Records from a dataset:
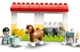 Lego Duplo Конюшня для лошади и пони 10951 - изображение 8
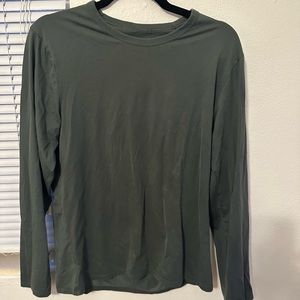 Lululemon Fundamental Long Sleeve
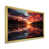 Gold Picture Framed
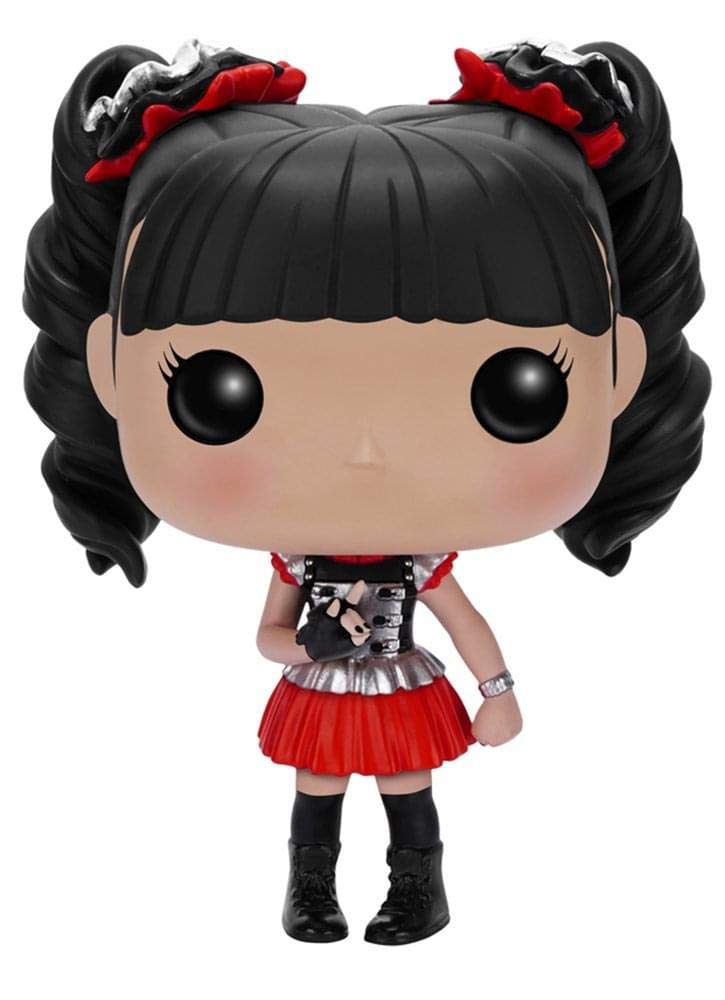 ベビメタ フィギュア Amazon | 【POP! 】『BABYMETAL』YUIMETAL 高さ約9センチ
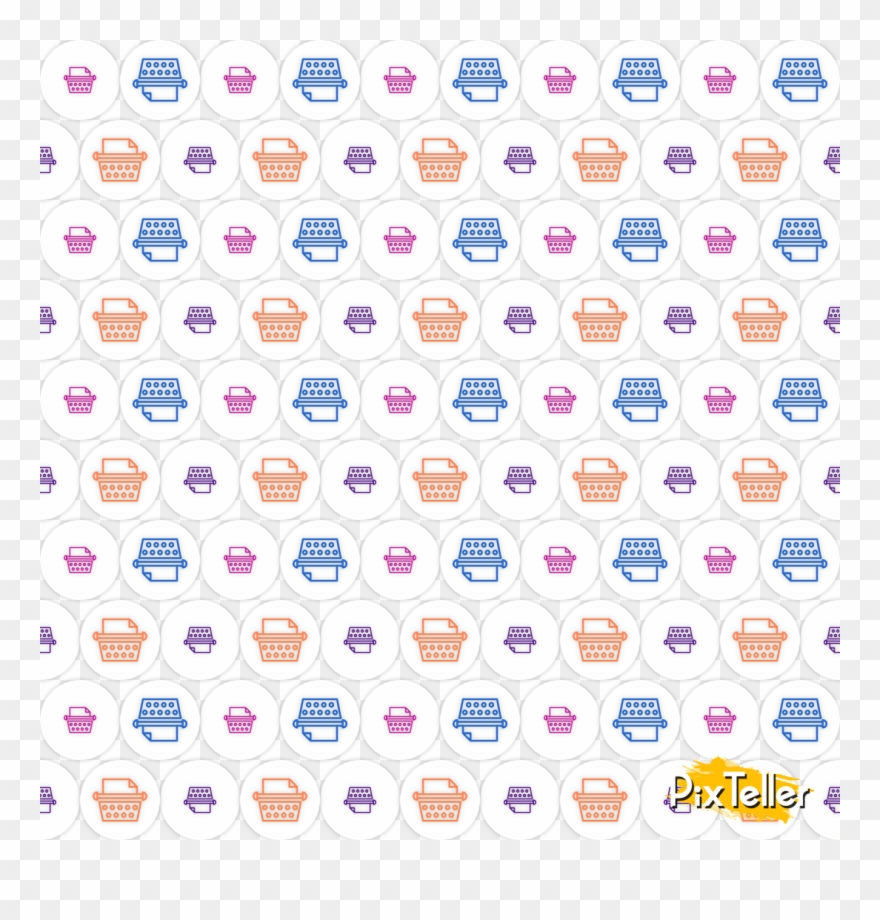 Pixbot › Pattern Design - Wildkin Big Dot Pink And White Poncho (6-12) Clipart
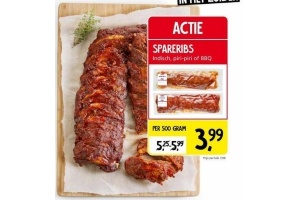 spareribs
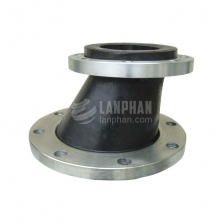 Rubber Joint Eccentric Reducer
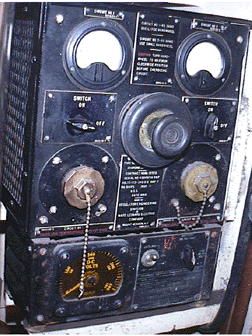 Type 51011 Torpedo Battery Charger with Type 510008 Controller Aboard Pampanito.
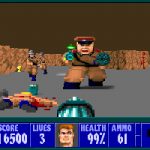 Wolfenstein 3D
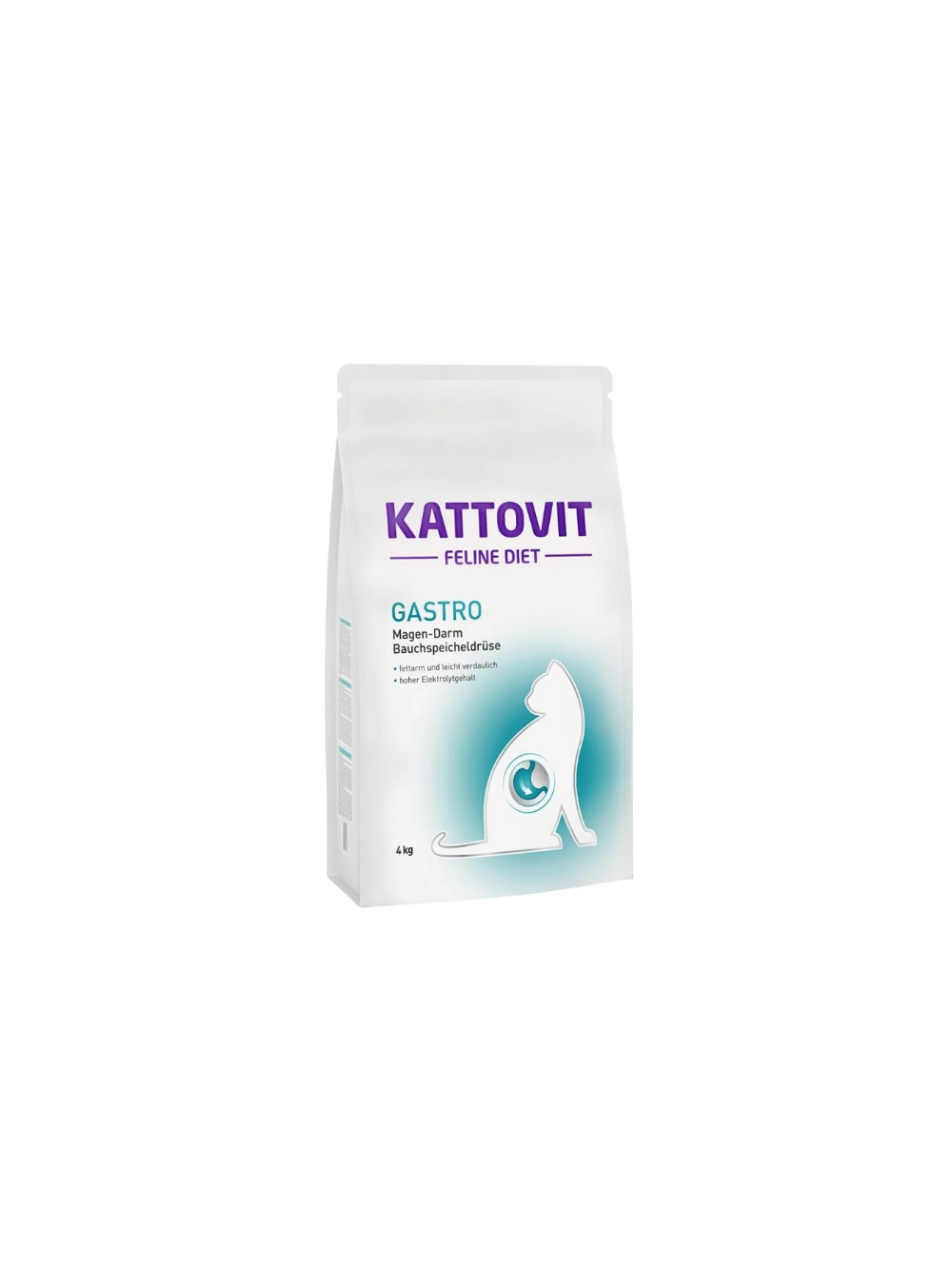 Kattovit  Feline Gastro 4 kg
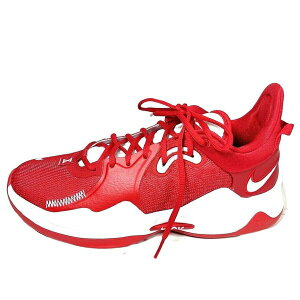 Nike �i�C�L �����Y �X�j�[�J�[ �yNike PG 5 TB 'Gym Red' DM5045-600�z �T�C�Y US_12(30.0cm)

§ **Problem to solve**
Word for word, restate the lines from the one containing "Gastro 4 kg" through the end of the entries. Do not include pictures.

§ **Task solution**
 Kattovit  Feline Gastro 4 kg
 Nike �i�C�L �����Y �X�j�[�J�[ �yNike PG 5 TB 'Gym Red' DM5045-600�z �T�C�Y US_12(30.0cm)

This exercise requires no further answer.